We're approaching one tenth of the way through this new century and already the world is getting a taste of things to come...

The world's temporary reserve currency, the US dollar, has shed roughly one third of its purchasing power against a basket of major paper competitors this decade. Gold, having begun the millennium in the dumps, has roughly quadrupled against the greenback over that same period. And stocks, after peaking back in 2007, are down about 7% for the same period.

Booms...bubbles...busts of epic proportions...

In short, the era was everything except what Federal Reserve Chairman Ben Bernanke thought it would be: an era of "Great Moderation." In fact, it would be hard to think of a more incorrect way to describe the times we live in.

We carry wars into the new decade, too. There are wars on terror, on unemployment, on the economy and, yes, even on the weather. That's not to mention the carry-over wars from political rally posters of yore; wars on drugs and poverty, wars so poorly-fought, grossly-mishandled and ill-defined that they've become permanent taxes rather than popular election talking points.

Then there's the war being waged between the forces of inflation and deflation, with the market pulling in one direction and the Feds yanking in the other.
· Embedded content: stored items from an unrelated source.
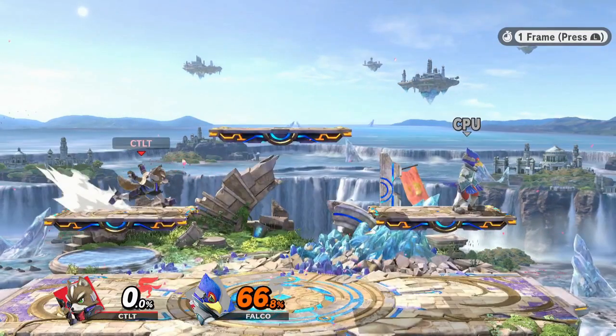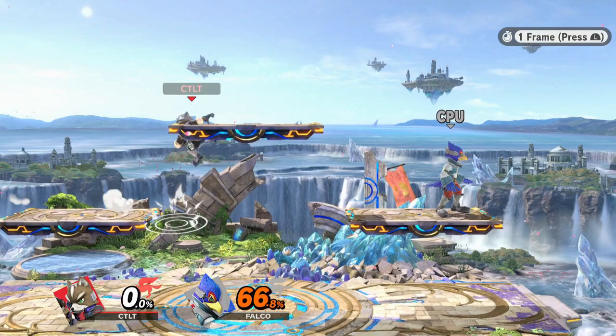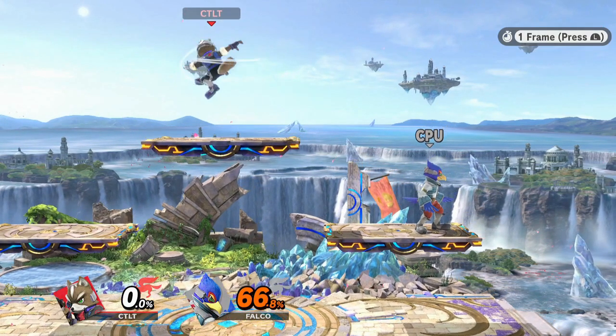Interestingly, if you buffer an aerial at the same time as this jump, you'll get a double jump, so you'll need to input an aerial on the first frame of your jump animation to get the earliest aerial without using your double jump.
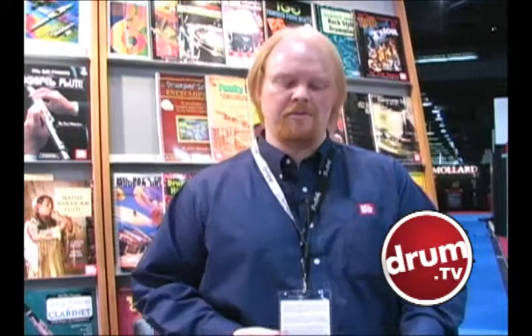We've also got coming up Bauer on the Basics. So if you're getting into the Celtic-Irish thing, it's a great hand drum with a little wooden stick. Beat it like you mean it.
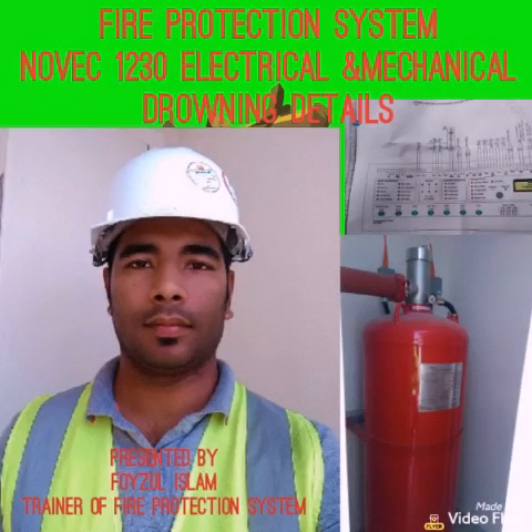Welcome to Fire Protection Studio. My name is Faisal Islam. Today I bring a video for Novec 1230 electrical and mechanical drawing details. I will explain to you how to read and check the electrical and mechanical Novec system drawing.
And that's where we begin today's musing. In the issue that follows, Dan Amoss, Puru Saxena and Daily Reckoning founder, Bill Bonner, talk us through the epic battle being waged in The War of the 'Flations.

First up, Dan Amoss, editor of the Strategic Short Report, described the scene in yesterday's 5-Minute Forecast...

"Now that fears of a deflationary spiral have waned, a rising Treasury note yield is bearish for stocks. Rising Treasury yields increase mortgage rates and decrease the attractiveness of rate-sensitive stocks like utilities, banks, and REITs.

"A rising trend in Treasury yields is especially dangerous," continued Dan, "when you consider that the biggest threat to the economy in 2010 is the backlog of mortgage foreclosures that have yet to work their way through the system. As these homes work their way through the system, it will be another deflationary shock to the banking system. In this deflationary shock, I doubt we'll see Treasury yields move anywhere near their 2008 lows. Higher Treasury yields will keep pressure on interest rate-sensitive stocks, while the continued deflationary pressures in housing will keep pressure on credit-sensitive stocks.

"All of this adds up to a much more hostile environment for the stock market than we've seen in 2009. With valuations high, long-term interest rates heading up, and credit stress still an issue, the environment for short selling is growing more favorable."

And now, over to Hong Kong where Puru Saxena has a few thoughts...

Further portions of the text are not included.